[[ Provided data, beginning ]]

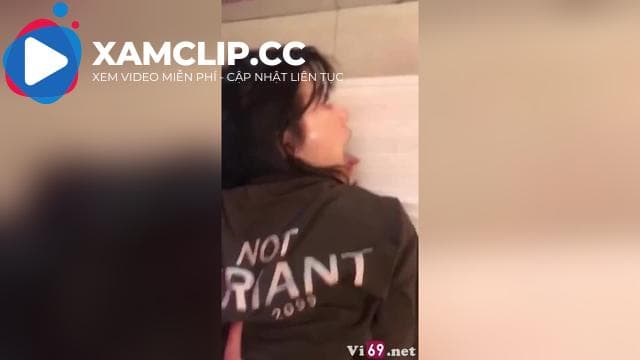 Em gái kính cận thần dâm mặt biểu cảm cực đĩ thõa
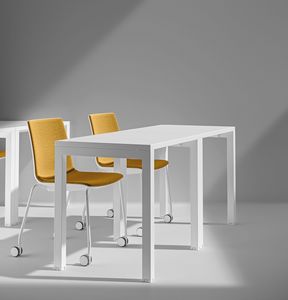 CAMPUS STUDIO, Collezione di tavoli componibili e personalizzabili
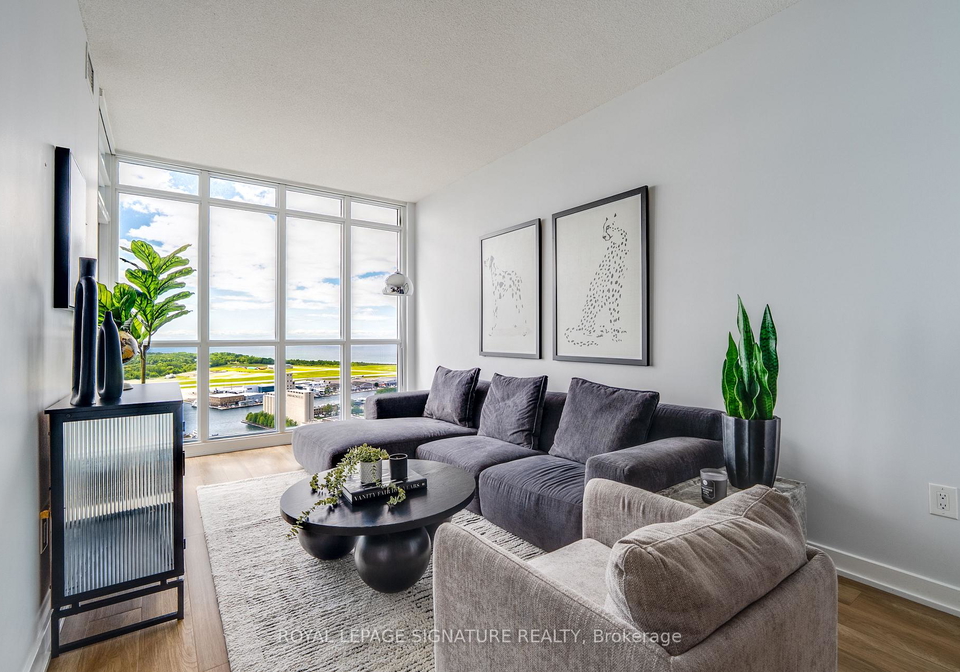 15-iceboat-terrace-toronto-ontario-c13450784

[[ Provided data, end ]]

- [Task statement] Return the data exactly. Do not carry over any images.

- [Output of the exercise]
 Em gái kính cận thần dâm mặt biểu cảm cực đĩ thõa
 CAMPUS STUDIO, Collezione di tavoli componibili e personalizzabili
 15-iceboat-terrace-toronto-ontario-c13450784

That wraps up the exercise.